### Activity
Look for the line containing "HT Components Combo Pedalsæt" and the line containing "Louis Vuitton Monogram" in the entries below. Copy those two and all lines between them exactly, leaving out pictures.

### Given information
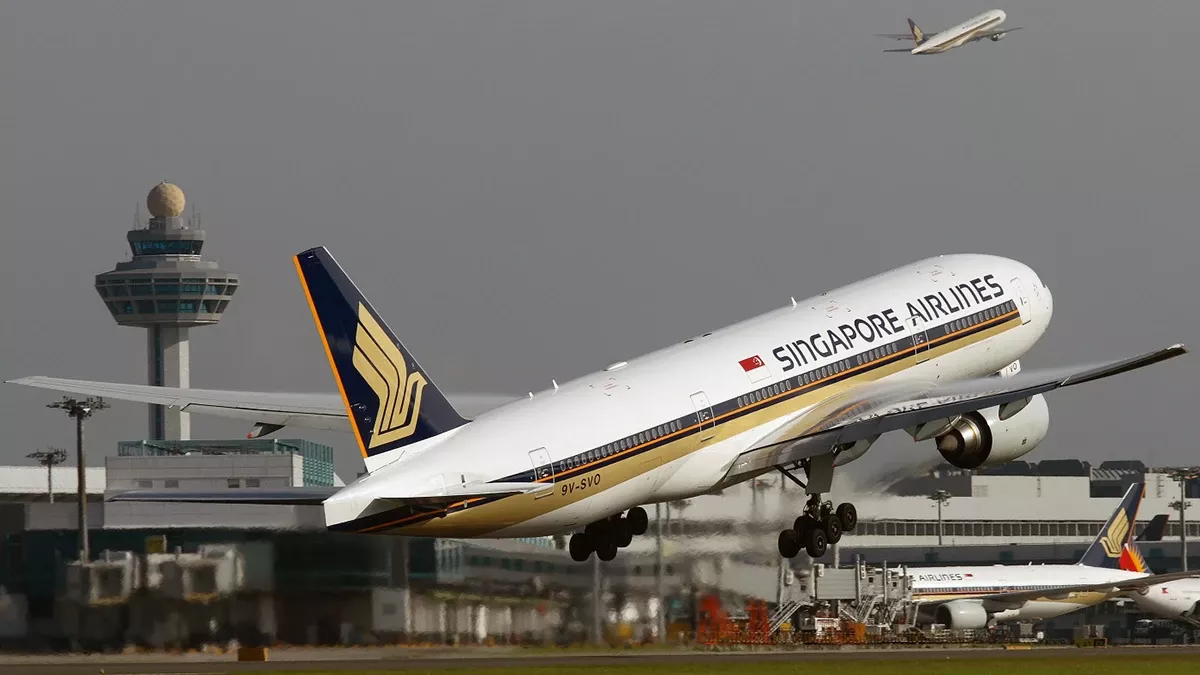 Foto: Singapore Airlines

--

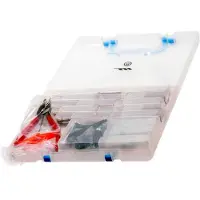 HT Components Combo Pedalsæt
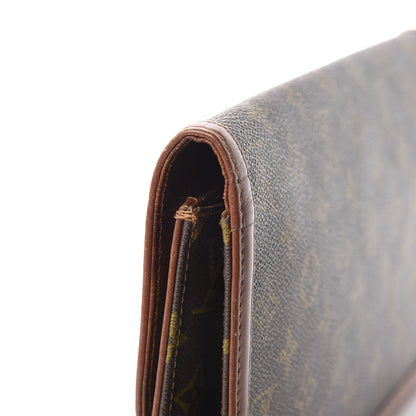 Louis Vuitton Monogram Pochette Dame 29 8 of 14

...

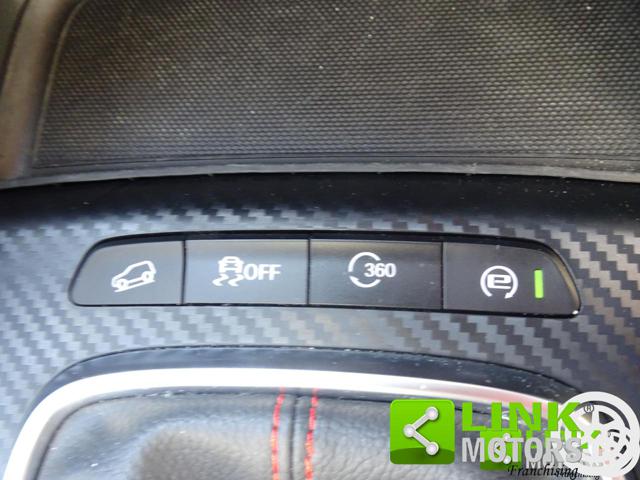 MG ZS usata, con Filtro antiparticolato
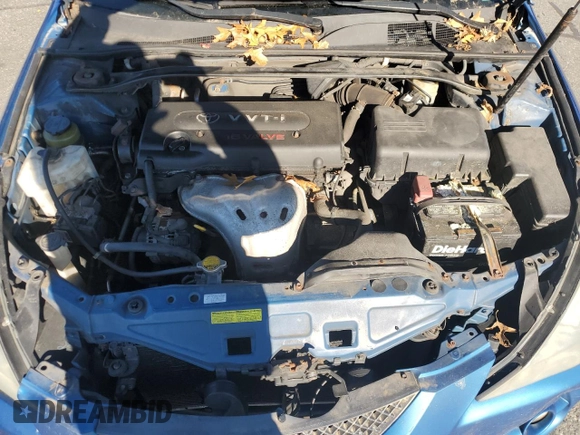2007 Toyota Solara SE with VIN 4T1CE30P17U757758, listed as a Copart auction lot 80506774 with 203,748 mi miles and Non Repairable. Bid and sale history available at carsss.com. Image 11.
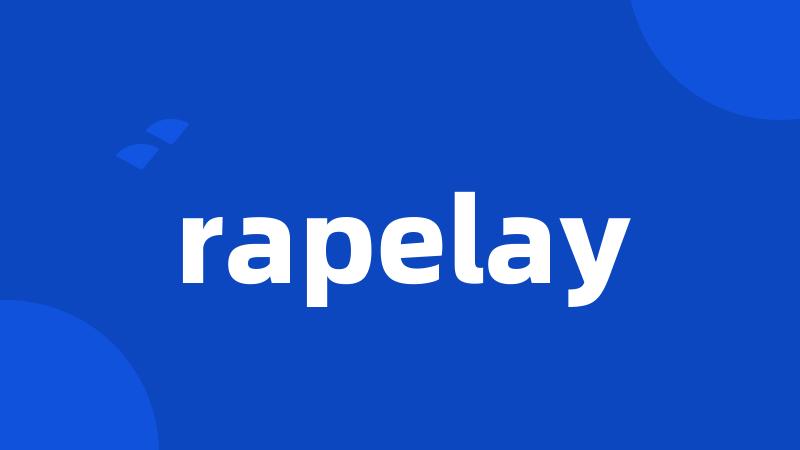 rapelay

### Worked solution
 HT Components Combo Pedalsæt
 Louis Vuitton Monogram Pochette Dame 29 8 of 14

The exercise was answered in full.